A counterfeit passport and a commodified human kidney. A pirated version of an object that ties us to political life, and a commercialized, alienated version of a body part that ties us to biological life. These are the two illicit articles that circulate in Dirty Pretty Things (2002), directed by Stephen Frears and scripted by Stephen Knight. The relationship that the film posits between the passport and the kidney is one of equivalence: one object is exchanged for another, thus placing them in an economic relationship. As with most forms of commodity exchange, the deal requires a contract between two interested parties: one, an ailing renal transplant patient who wants to purchase a kidney because she can no longer wait for one to become legally available, and the other, an undocumented immigrant who willingly agrees to give up her kidney in exchange for a (fake) passport. From this unsavory transaction, Frears and Knight develop a compelling narrative that is best placed in the generic category of the thriller, for the story of Dirty Pretty Things is primarily about how its two protagonists, an asylum seeker and an undocumented immigrant, respectively, escape the fate of having to surrender their own kidneys. My argument in this essay is twofold. First, I suggest that Dirty Pretty Things seeks to critique this economic transaction by exposing that it is based on the commodification of that which should typically remain aneconomic: hospitality.
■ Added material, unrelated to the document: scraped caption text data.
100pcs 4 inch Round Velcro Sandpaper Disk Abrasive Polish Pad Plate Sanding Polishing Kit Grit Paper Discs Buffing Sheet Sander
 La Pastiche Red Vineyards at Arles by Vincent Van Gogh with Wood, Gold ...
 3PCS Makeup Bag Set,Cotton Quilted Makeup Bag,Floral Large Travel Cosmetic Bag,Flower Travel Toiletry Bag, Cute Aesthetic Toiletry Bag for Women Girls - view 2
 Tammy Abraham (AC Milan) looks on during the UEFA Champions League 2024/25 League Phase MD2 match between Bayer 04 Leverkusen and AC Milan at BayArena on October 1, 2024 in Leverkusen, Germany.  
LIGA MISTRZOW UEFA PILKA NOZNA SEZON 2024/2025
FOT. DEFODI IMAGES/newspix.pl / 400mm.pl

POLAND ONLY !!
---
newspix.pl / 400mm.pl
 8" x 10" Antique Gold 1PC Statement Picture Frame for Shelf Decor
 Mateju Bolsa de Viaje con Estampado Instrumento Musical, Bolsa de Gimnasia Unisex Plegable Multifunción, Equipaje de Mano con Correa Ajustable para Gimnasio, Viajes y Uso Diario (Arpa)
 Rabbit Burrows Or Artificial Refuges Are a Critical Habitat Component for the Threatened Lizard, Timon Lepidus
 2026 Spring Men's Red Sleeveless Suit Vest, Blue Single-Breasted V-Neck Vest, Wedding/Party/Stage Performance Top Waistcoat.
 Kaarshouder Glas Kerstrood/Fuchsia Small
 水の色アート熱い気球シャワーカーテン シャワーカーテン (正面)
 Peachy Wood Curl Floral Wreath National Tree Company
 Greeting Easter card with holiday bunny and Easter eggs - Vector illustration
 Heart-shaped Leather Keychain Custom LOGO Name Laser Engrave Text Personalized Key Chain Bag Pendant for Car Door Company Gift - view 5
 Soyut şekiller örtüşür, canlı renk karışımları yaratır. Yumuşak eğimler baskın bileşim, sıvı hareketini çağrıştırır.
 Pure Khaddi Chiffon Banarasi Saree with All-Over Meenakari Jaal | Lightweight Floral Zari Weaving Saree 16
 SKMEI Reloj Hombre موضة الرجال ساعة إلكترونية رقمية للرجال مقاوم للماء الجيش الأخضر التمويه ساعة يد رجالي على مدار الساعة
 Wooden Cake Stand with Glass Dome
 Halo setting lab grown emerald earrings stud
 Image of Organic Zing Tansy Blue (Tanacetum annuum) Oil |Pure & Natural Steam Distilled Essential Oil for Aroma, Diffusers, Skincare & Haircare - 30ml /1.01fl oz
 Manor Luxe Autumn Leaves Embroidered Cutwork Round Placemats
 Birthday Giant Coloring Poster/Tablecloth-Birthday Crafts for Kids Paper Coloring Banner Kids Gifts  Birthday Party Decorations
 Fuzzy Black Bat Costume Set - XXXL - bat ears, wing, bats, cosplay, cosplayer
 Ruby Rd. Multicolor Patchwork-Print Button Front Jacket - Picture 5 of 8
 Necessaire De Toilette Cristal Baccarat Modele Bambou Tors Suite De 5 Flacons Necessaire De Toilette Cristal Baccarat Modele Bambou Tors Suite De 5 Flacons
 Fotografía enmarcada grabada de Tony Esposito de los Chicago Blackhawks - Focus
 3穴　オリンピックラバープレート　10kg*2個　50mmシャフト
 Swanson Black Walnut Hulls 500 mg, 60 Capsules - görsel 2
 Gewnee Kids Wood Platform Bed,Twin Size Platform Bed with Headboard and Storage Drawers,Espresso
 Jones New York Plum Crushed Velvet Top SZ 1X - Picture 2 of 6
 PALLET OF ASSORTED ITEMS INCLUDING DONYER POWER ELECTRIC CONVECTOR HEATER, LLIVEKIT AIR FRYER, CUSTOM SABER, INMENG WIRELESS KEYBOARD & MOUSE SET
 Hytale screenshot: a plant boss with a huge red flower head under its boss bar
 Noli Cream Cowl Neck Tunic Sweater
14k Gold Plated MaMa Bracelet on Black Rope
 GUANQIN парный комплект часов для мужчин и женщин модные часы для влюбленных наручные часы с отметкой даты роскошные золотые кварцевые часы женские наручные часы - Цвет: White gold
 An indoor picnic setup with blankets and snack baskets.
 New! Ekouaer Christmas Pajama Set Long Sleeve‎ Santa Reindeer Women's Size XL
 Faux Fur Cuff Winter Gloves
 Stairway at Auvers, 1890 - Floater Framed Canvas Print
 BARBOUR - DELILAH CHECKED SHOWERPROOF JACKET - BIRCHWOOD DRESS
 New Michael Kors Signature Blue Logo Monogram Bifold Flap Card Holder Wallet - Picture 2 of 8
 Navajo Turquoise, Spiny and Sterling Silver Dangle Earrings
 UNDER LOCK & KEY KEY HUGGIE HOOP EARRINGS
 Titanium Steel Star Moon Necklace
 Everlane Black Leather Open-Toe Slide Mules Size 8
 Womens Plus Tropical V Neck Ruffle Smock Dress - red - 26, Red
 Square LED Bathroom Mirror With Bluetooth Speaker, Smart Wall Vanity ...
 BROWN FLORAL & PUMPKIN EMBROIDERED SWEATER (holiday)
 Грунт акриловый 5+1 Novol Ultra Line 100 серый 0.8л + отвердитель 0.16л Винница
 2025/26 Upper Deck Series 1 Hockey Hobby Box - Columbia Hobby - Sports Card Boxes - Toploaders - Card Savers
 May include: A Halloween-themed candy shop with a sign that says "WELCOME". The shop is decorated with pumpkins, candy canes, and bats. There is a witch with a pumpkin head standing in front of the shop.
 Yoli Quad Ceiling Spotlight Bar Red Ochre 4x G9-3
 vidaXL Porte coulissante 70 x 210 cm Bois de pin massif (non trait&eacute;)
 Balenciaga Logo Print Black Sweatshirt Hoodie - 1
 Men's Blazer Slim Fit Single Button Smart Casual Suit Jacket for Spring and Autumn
However, the plot satisfaction provided by ensuring that the protagonists escape kidney extraction comes at a high ethical price. Hence the second point I seek to make: because the audience cannot but side with its protagonists and their refusal to capitulate to the organ trade, Dirty Pretty Things and its viewers risk becoming complicit in the immoralities of the very capitalism that the film seeks to critique. [End Page 38]

Dirty Pretty Things is the result of an unusual collaboration. London's immigrant population is familiar territory for Frears, whose back catalog includes films such as My Beautiful Laundrette (1985) and Sammy and Rosie Get Laid (1987), both of which deal with the issue of hospitality, examining how Britain receives and treats its immigrants, and how these immigrants, in turn, survive in Thatcherite Britain. Both of these films, moreover, are scripted by Hanif Kureishi. Dirty Pretty Things, however, sees Frears teaming up not with Kureishi, who is known for his acerbic treatment of Britain's supposed multiculturalism, but with Stephen Knight, who debuted with this film, and was previously best known as the co-creator and scriptwriter of the popular game show Who Wants to Be a Millionaire? The film is shot in a contemporary London stripped of all its glamour and tourist attractions, and deals primarily, as the presence of the counterfeit passport makes clear, with the plight of undocumented immigrants who try to survive in a turn-of-the-millennium capital that is portrayed as being infected with a rampant, predatory, and ubiquitous capitalism. Most of the film is set in the Baltic Hotel, an upmarket London establishment serviced almost entirely by immigrant employees. The lives of the three main characters intersect here. They are all members of the Baltic's immigrant staff, but hold different statuses under British law. Senay is a Turkish asylum seeker, and is not permitted to seek employment in the country until her case has been processed. She works illegally as a maid, cleaning up after the guests who stay at the Baltic. There, she meets Okwe, the nighttime receptionist at the Baltic, and falls in love with him. A Nigerian doctor who is fleeing persecution in his own country, Okwe has entered Britain illicitly and possesses no legal standing whatsoever. It is Okwe who stumbles on the plot device that connects human organs and fake passports: he learns that some of the hotel rooms are used as makeshift operation theaters where London's undocumented immigrants have their kidneys extracted in exchange for fake European passports. The procurer of both the willing kidney sellers and the counterfeit passports is his boss, a Spaniard named Señor Juan, appropriately nicknamed Sneaky by...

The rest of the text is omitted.